Lloyd’s of London is poised for another impressive year, with Insurance Capital Markets Research (ICMR) forecasting a combined ratio well below 90%, despite significant catastrophe losses in 2024.
This outlook is based on results from 21 of the 27 listed companies that own Lloyd’s businesses, which make up the RISX equity index.
ICMR expects Lloyd’s to outperform the aggregate performance of its parent companies, reinforcing the value proposition of the Lloyd’s platform.
Lloyd’s reported a combined ratio of 83.7% for the first half of 2024. While some deterioration is expected in the second half, Lloyd’s is still projected to report a combined ratio comfortably below 90%, in line with nine of the 22 RISX constituents that have released their 2024 results so far.
The RISX equity index serves as both a benchmark for investing in Lloyd’s and an indicator of its pro-forma annual accounting performance, providing pundits and observers with a head start on the likely Lloyd’s numbers yet to be released.
Moreover, the RISX equity index reveals that equity investors in the sector had a very successful year.

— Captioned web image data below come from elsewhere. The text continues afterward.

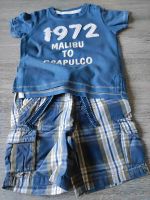 Set Kurze Hose und T-Shirt Gr. 74 Baden-Württemberg - Pfullingen Vorschau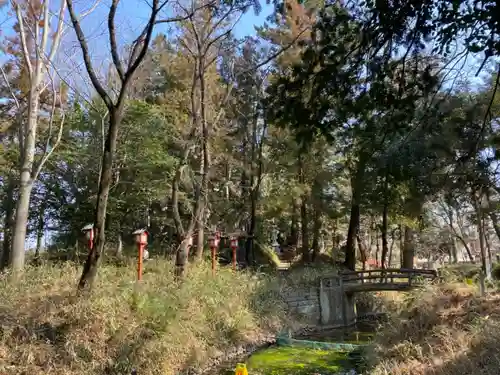 妻沼聖天山歓喜院のその他建物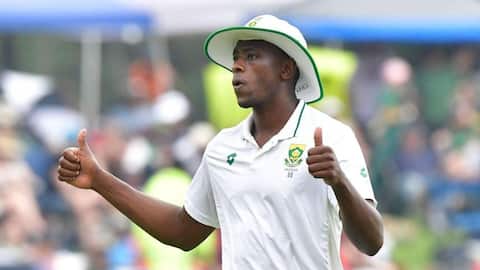 Kagiso Rabada boasts four Test five-wicket hauls vs Australia: Stats 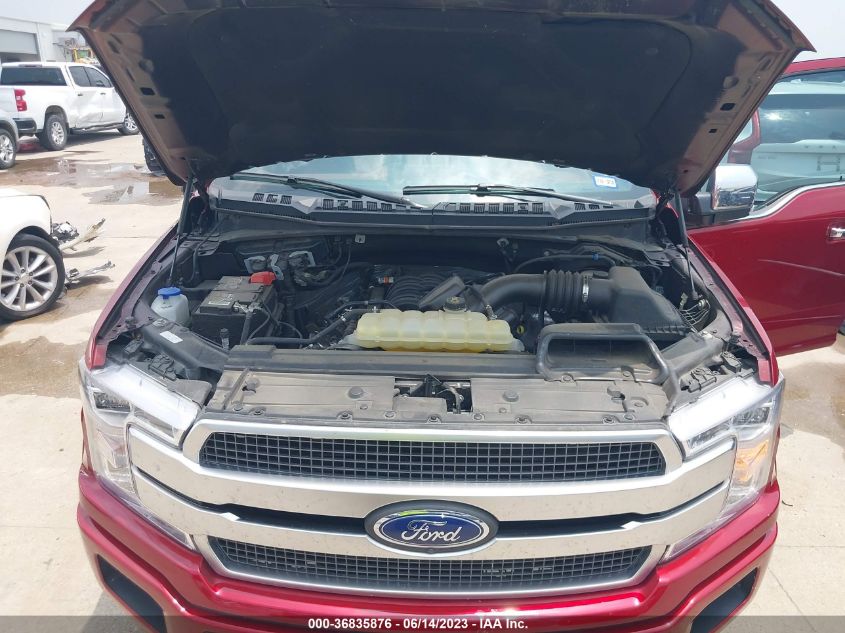 2019 FORD F-150 XL/XLT/LARIAT - 1FTEW1E57KFD33049
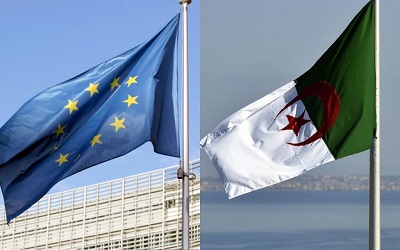 Le gaz renforce les relations UE-Algérie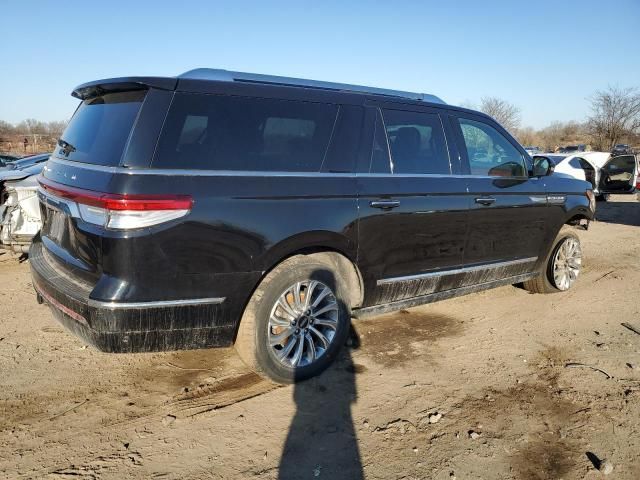 2022 Lincoln Navigator L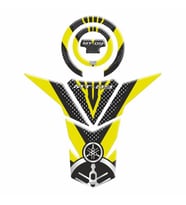 Yamaha Mt09 2013 - 2018 Uyumlu Tank Pad Set 002
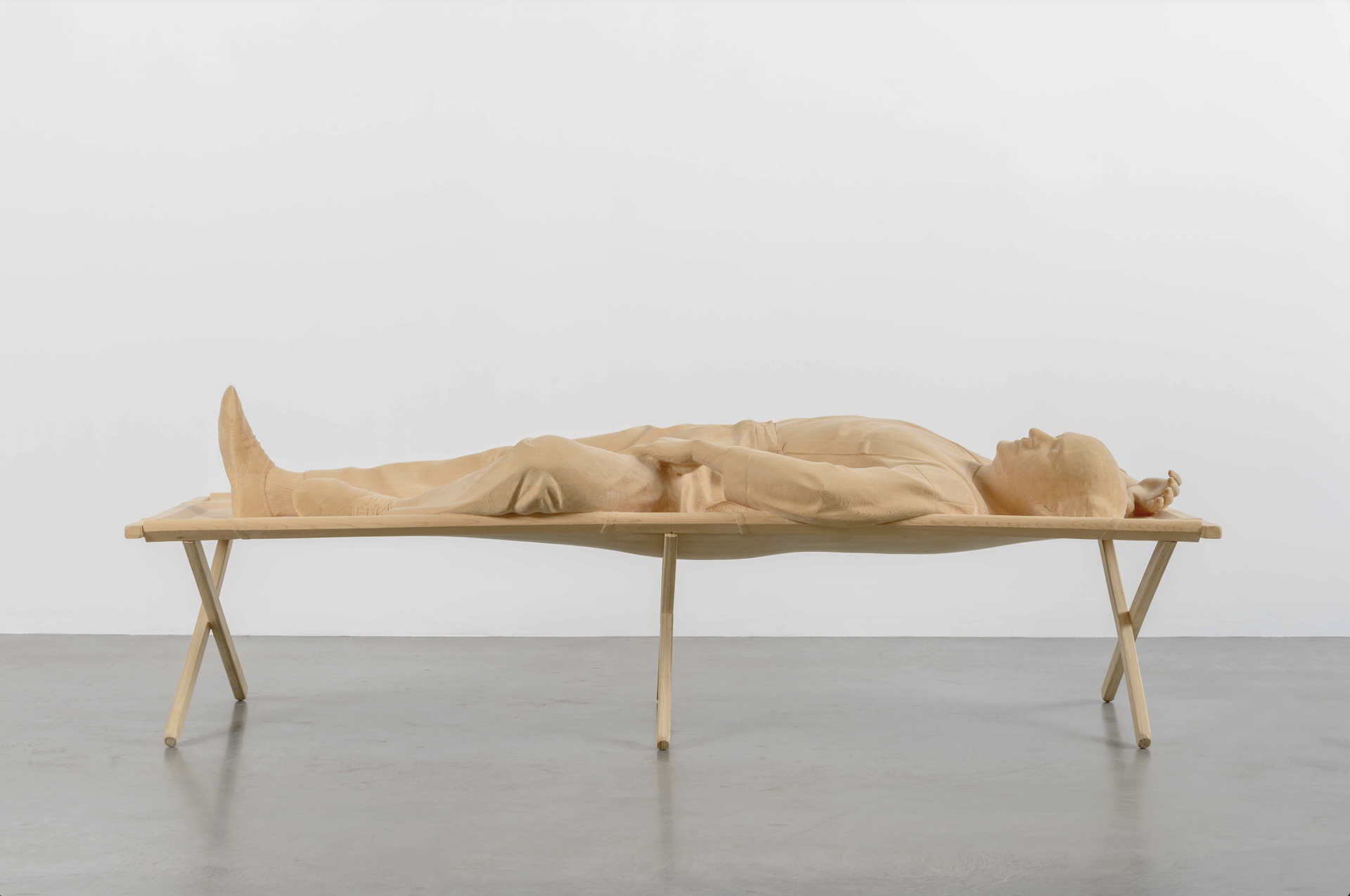 A Charles Ray (Chicago, 1953) il titolo di Accademico d’onore dall’Accademia di Belle Arti di Urbino
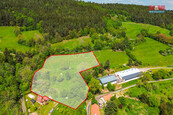 Prodej pozemku k bydlení, 10400 m2, Sušice, cena 3999000 CZK / objekt, nabízí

Investing in shares of Lloyd’s parent companies, proportional to their Lloyd’s involvement, would have resulted in a total net return of 31.8% for the calendar year.
ICMR also noted that the ongoing trend of improved underwriting performance in recent years, along with strong returns on capital, should continue to attract investor interest in deploying capital in the sector, particularly at Lloyd’s.